The 48 soums without camels fall into areas deemed less appropriate for camel rearing. These areas include the elevated regions of the Khuvsgul Mountains, which mark the southernmost edge of the vast taiga forests of Eastern Siberia, along with parts of the Khangai Mountain Range and the Orkhon-Selenge river basins. The mountainous soums are characterized by rocky peaks, cliffs, glaciers, permafrost, and remnants of ancient glaciation. These high-altitude Zones experience a cold and harsh climate with strong winds and sparse vegetation. The lower regions feature unique vegetation patterns that include meadows, thickets, and moss-lichen-covered terrain (Orkhonselenge, 2015).

Bazargur et al. (2009) delineated three Zones based on the bioecological characteristics of camels: highly appropriate, appropriate, and less appropriate zones. Notably, the entirety of Zone 1 falls into the less appropriate category for camel settlement. In Zone 2, 22.6% of the area is considered appropriate for camels, while 77.4% is less appropriate for camel rearing. Conversely, 87% of Zone 3 is classified as appropriate, while 13% is deemed less appropriate. Zone 4 consists entirely of soums categorized as highly appropriate or appropriate for camels.

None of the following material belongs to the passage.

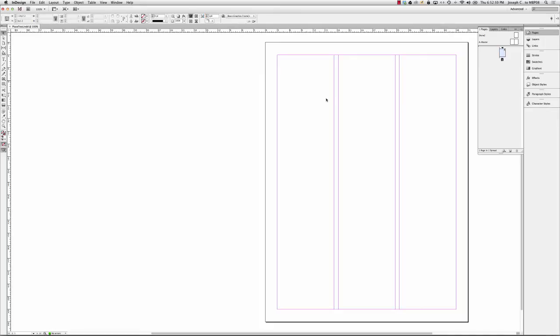I'm about to show you one of my absolute favorite InDesign time savers ever. You're probably familiar with the place command to bring in text and images.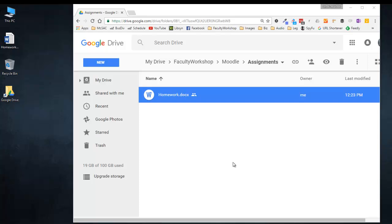In this video, I'm going to show you how to take a shared file on your Google Drive and replace it without actually replacing the shareable link.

Across these zones, 150 soums from 20 provinces fall into Zone 1, with a median of 0.5 camels per soum, accounting for 3.95% of all camels. Zone 2 includes 62 soums from 17 provinces, with a median of 3.2 camels per soum, accounting for 8.74% of the total camel population. Zone 3 consists of 38 soums from 10 provinces, with a median of 9.6 camels per soum, representing 16.96% of the camel population. Zone 4 encompasses 41 soums from 8 provinces, with a median of 34.2 camels per soum, accounting for 70.35% of the total camel population. Notably, camel numbers are significantly higher in Khanbogd (166.3), Mandal-Ovoo (114.1), Manlai (83) soums in Umnugobi Province, Bayanlig soum in Bayankhongor Province (86), and Ulziit soum in Dundgobi Province (84.15).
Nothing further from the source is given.